O PND – Programa Nacional de Desestatização –, instituído pelo governo de Fernando Collor e acentuado no mandato de Fernando Henrique Cardoso, tinha como principal princípio a privatização de empresas estatais. Durante o governo Collor, a CVRD – Companhia Vale do Rio Doce – ainda estava fora do processo de privatização, porém, ao longo desse governo, assumiu uma política de verticalização e integração de atividades, associando-se a empresas siderúrgicas, de forma a adquirir porcentagens significativas de cada uma delas. Dessa forma, a Vale conquistou um espaço significativo nessas empresas, com um papel fundamental de mercado em seus diferentes setores.
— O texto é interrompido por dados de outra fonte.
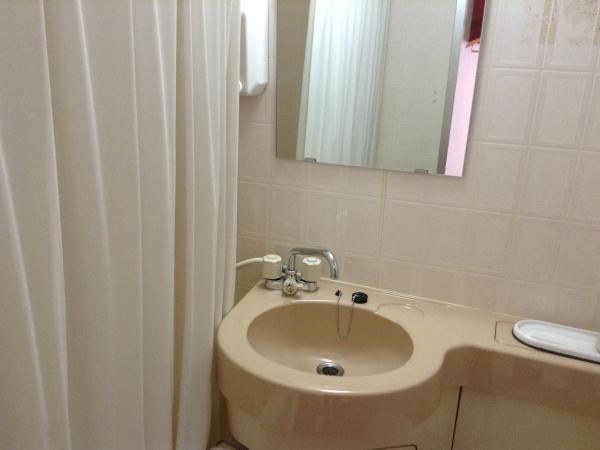 Hotel Ikeda : photo 6 de la chambre chambre simple - non-fumeurs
Em outubro de 1994, Fernando Henrique Cardoso ganhou as eleições, assumindo o cargo de presidente da República. Teve como ideia norteadora de sua campanha a noção do processo de privatização como ferramenta imprescindível para uma reforma estatal. Porém, até então, a Vale ainda não estava inclusa na PND. O processo de privatização dessa empresa – e, portanto, de inclusão no programa nacional – foi complexo, na medida em que dentro do governo e do país como um todo havia opiniões distintas acerca do que deveria ser feito. O afazer ficou nas mãos do Banco Nacional de Desenvolvimento Econômico e Social (BNDES), o qual era responsável pela venda das empresas do programa. Após inúmeros debates e entraves, o leilão da Vale foi marcado e o BNDES cotou a empresa em 10,36 bilhões de reais, implementando como preço mínimo aproximadamente 27 reais por ação.
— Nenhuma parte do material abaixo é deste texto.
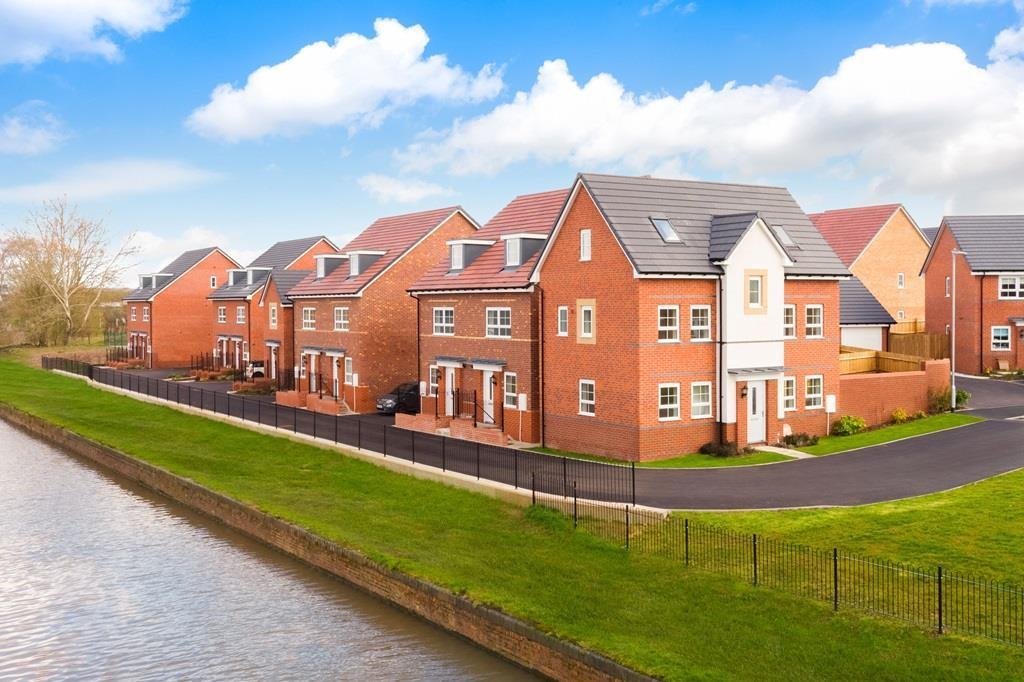 30+ Barratt Homes Henbrook Gardens Pics 2021 Home and Garden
Mesmo com todas as ações judiciais que almejavam interromper a privatização, o leilão ocorreu e a Vale foi privatizada no dia 6 de maio de 1997. Criada pelos sócios do Consórcio Brasil, a holding Valepar S.A tornou-se a acionista controladora da mineradora. A CSN ficou com a maior participação no capital da Valepar (31,2%), seguida pelos quatro fundos de pensão estatais reunidos em torno da Litel (24,7%) e pelos fundos de investimentos Elétron (20,7%) e Sweet River (11,5%). Além dos sócios do consórcio vencedor do leilão de privatização, a Valepar foi integrada pelo BNDESPAR (10,6%) e pela InvestVale (1%). Criou-se nesse momento um acordo de acionistas (que venceu em 2017) que estabeleceu que a tomada de decisões estratégicas para a companhia, como incorporações de empresas, fusões, aquisições ou vendas de ativos, precisa contar com votos favoráveis correspondentes, no mínimo, a 75% do capital da Valepar (importante ressaltar que atualmente, a base acionista da empresa é diferente, porém a hierarquia entre os acionistas se mantém. O modo com o qual estão organizadas as ações está publicamente divulgado no site oficial da empresa ).
As minúcias do leilão da Vale do Rio Doce em 1997, televisionado pela Rede Globo.
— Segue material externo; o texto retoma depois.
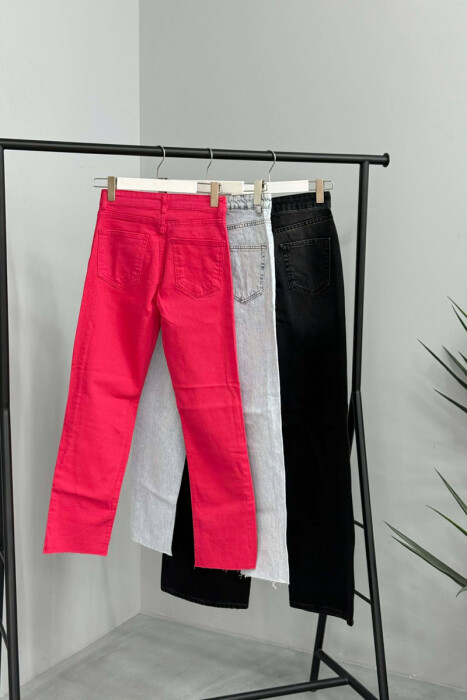 PACK OF 3 PIECES WOMAN JEANS MULTIPLE/SHNGJ - 2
Por conta de regras estabelecidas quando o modelo de privatização foi implementado, o governo ganhou certa influência pelo golden share, uma ação preferencial que confere direito permanente de veto quanto a alterações na companhia relacionadas a natureza estratégica: razão social, localização de sua sede, intuito da empresa quanto à exploração mineral, entre outros aspectos que abrangem também o transporte das mercadorias e o estatuto social.
A Vale, após sua privatização, passou por um crescimento exponencial. A empresa registrou um lucro de R$ 756 milhões – representando um crescimento de 46% em relação ao ano anterior – proporcionado por um aumento na receita bruta, uma redução nas despesas com materiais e serviços contratados e por uma diminuição nos gastos com impostos sobre vendas. O resultado lucrativo de R$ 1,029 bilhão, obtido no ano seguinte, foi alegado ser o maior já atingido por uma empresa privada brasileira. Em 1999, o lucro da empresa sofreu um acréscimo de 21% em relação ao ano anterior, reforçando o caráter ininterrupto de crescimento da Vale privatizada. Em adendo, o estatuto da empresa antes da desestatização previa o reinvestimento de até 40% do lucro líquido para a expansão de suas atividades. Dessa forma, a maior liberdade de escolha do direcionamento dos lucros e, portanto, do controle autônomo e particular das atividades dentro da empresa refletem em um crescimento econômico incessante, o que explica a onda de privatização observada no final do século XX, do qual a Vale fez parte.
A antiga gestão estatal da empresa pautava-se em um caráter nacional-desenvolvimentista. Com a alteração no comando da Vale, a gestão passou a ter como veredito os interesses dos acionistas. Logo, foram postas em prática estratégias a curto prazo, visando a valorização das ações. Se, no ano de 1996, a Vale investiu 345 milhões de dólares e pagou de dividendos 249 milhões de dólares; em 1997, esses números passaram para 669 milhões de dólares em investimentos e 461 milhões de dólares em dividendos; e, em 1998, para 480 milhões de dólares em investimentos e 606 milhões de dólares em dividendos. Pode-se concluir, a partir dos dados, que o novo foco em um retorno a curto prazo como forma de pagar os dividendos aos acionistas resultou em uma marginalização dos interesses nacionais e na composição de uma nova formação socioeconômica.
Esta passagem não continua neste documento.